━━━ INFORMATION SHOWN ━━━
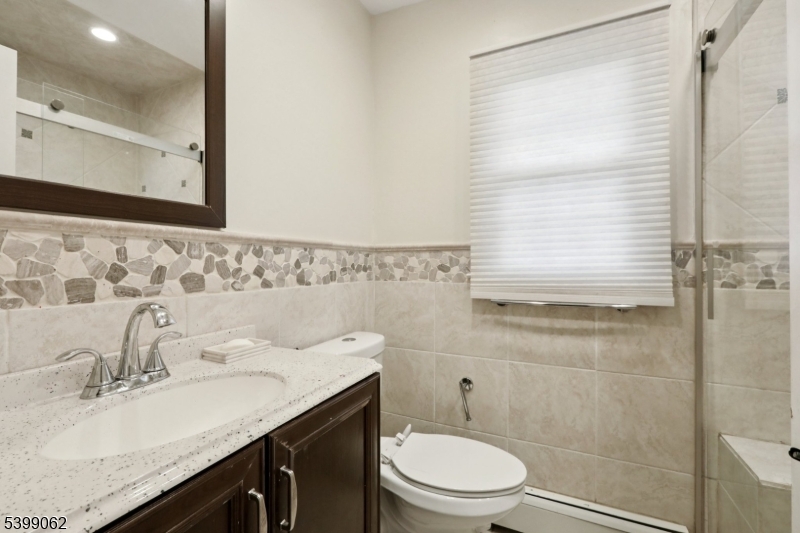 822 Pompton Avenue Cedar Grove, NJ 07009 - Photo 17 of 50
━━━
━━━ INFORMATION SHOWN ━━━
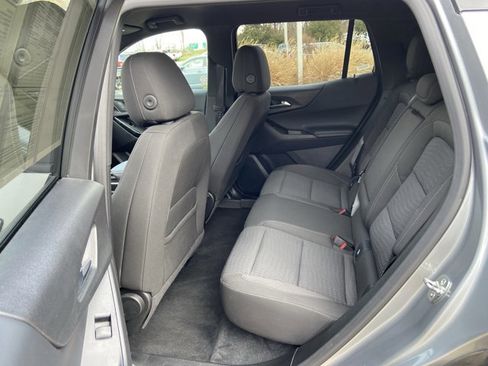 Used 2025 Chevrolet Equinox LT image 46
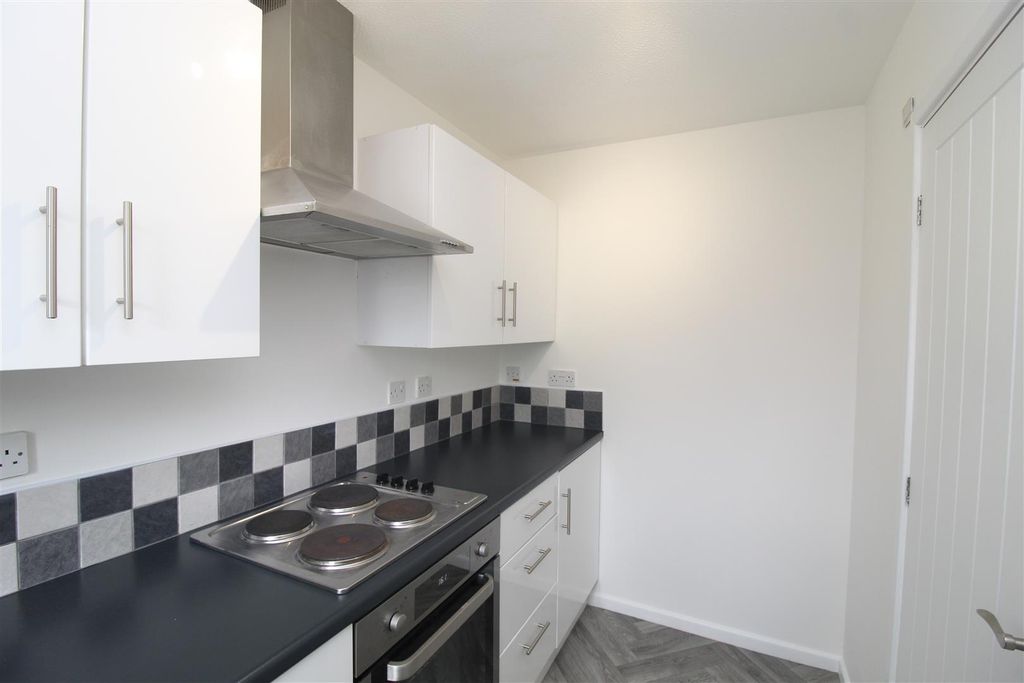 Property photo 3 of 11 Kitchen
━━━
━━━ INFORMATION SHOWN ━━━
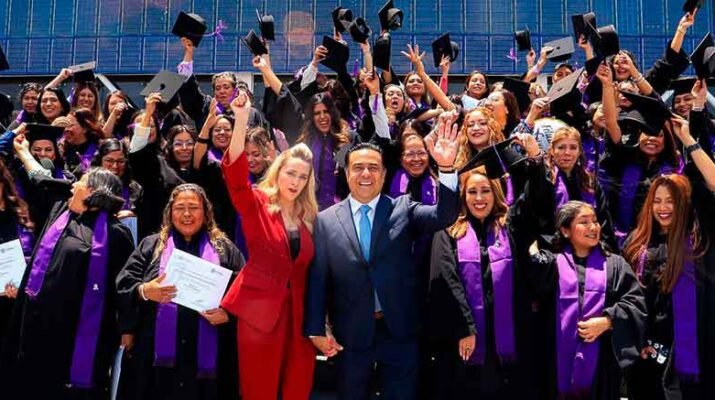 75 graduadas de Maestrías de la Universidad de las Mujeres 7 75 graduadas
━━━
Reproduce the data above exactly, but only the lines from the one showing "Used 2025 Chevrolet Equinox LT image 46" through the one showing "Property photo 3 of 11 Kitchen", with both ends kept and the pictures left out.

*WRITTEN RESPONSE*
 Used 2025 Chevrolet Equinox LT image 46
 Property photo 3 of 11 Kitchen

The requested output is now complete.